Copy the lines below, beginning with the one that contains "Windows 11 Snipping" and continuing through the final line, exactly as written and with no other lines.

=== EXTRACTED DATA ===
• • •

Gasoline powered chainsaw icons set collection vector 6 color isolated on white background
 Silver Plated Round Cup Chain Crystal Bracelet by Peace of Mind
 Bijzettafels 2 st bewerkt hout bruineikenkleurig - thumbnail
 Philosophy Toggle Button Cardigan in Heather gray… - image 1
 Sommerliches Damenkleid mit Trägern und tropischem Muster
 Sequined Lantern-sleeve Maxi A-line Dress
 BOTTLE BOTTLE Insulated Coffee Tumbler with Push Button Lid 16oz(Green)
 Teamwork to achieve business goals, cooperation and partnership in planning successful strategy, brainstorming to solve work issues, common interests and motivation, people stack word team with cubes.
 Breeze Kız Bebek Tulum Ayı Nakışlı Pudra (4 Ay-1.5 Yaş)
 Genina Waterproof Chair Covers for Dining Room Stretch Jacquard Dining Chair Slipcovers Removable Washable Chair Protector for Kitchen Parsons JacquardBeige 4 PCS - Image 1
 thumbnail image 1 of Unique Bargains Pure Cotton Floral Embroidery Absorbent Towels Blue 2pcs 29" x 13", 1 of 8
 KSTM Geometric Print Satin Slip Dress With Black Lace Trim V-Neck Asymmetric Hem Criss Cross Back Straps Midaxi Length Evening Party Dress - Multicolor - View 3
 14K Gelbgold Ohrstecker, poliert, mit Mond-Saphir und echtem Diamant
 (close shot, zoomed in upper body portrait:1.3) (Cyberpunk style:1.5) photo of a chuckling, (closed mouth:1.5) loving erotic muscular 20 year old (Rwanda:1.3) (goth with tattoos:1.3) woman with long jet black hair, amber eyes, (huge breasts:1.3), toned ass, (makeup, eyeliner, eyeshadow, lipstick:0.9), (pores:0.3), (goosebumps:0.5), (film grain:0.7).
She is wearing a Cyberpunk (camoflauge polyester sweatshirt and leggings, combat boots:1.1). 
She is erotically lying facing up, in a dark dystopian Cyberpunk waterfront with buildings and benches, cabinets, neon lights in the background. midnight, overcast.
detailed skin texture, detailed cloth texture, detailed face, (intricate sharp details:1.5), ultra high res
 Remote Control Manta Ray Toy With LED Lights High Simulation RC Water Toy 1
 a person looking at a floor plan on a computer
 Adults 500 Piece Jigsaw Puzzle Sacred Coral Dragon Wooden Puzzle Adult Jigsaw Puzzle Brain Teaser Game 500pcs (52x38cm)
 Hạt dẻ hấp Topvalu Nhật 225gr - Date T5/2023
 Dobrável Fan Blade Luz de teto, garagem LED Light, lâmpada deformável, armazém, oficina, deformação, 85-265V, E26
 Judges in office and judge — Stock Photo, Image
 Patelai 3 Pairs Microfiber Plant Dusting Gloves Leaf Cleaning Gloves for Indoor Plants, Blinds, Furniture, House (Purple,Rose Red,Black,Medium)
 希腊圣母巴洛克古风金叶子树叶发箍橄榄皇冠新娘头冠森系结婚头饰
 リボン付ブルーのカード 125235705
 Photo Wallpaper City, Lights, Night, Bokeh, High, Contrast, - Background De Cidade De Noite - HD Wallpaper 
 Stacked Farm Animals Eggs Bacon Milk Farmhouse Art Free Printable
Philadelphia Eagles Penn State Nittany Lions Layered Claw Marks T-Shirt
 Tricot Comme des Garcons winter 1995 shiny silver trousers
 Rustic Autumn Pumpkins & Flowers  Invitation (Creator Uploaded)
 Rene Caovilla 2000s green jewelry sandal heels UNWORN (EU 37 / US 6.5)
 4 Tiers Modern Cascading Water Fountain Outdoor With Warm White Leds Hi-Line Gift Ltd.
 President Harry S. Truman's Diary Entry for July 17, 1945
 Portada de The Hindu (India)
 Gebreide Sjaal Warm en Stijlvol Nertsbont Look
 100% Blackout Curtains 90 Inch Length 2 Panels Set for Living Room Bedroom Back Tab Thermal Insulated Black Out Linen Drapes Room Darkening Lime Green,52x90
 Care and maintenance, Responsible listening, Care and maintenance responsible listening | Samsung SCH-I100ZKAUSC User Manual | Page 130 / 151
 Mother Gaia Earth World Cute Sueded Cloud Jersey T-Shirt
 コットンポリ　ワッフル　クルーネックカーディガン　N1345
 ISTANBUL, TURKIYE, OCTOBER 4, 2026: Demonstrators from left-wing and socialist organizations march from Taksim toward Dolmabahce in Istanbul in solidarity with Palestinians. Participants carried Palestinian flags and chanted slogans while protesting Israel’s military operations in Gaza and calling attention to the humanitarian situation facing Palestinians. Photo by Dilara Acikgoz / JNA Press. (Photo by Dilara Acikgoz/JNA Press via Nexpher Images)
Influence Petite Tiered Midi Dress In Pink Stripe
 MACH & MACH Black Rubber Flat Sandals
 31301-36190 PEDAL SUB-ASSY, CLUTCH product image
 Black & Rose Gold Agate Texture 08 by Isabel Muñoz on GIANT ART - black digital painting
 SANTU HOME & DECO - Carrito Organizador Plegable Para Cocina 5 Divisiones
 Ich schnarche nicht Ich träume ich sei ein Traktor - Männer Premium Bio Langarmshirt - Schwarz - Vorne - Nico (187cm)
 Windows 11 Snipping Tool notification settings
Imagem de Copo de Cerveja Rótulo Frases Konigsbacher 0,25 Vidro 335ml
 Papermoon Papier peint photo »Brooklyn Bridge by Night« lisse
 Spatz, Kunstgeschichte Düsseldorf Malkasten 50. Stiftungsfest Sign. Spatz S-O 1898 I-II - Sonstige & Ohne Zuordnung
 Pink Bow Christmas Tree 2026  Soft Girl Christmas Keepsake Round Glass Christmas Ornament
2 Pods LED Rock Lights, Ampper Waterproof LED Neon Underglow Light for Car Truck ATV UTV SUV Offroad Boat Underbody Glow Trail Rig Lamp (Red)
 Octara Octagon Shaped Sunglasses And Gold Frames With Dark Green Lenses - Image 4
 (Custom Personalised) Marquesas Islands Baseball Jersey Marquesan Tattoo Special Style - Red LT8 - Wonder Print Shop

• • •

=== EXERCISE SOLUTION ===
 Windows 11 Snipping Tool notification settings
Imagem de Copo de Cerveja Rótulo Frases Konigsbacher 0,25 Vidro 335ml
 Papermoon Papier peint photo »Brooklyn Bridge by Night« lisse
 Spatz, Kunstgeschichte Düsseldorf Malkasten 50. Stiftungsfest Sign. Spatz S-O 1898 I-II - Sonstige & Ohne Zuordnung
 Pink Bow Christmas Tree 2026  Soft Girl Christmas Keepsake Round Glass Christmas Ornament
2 Pods LED Rock Lights, Ampper Waterproof LED Neon Underglow Light for Car Truck ATV UTV SUV Offroad Boat Underbody Glow Trail Rig Lamp (Red)
 Octara Octagon Shaped Sunglasses And Gold Frames With Dark Green Lenses - Image 4
 (Custom Personalised) Marquesas Islands Baseball Jersey Marquesan Tattoo Special Style - Red LT8 - Wonder Print Shop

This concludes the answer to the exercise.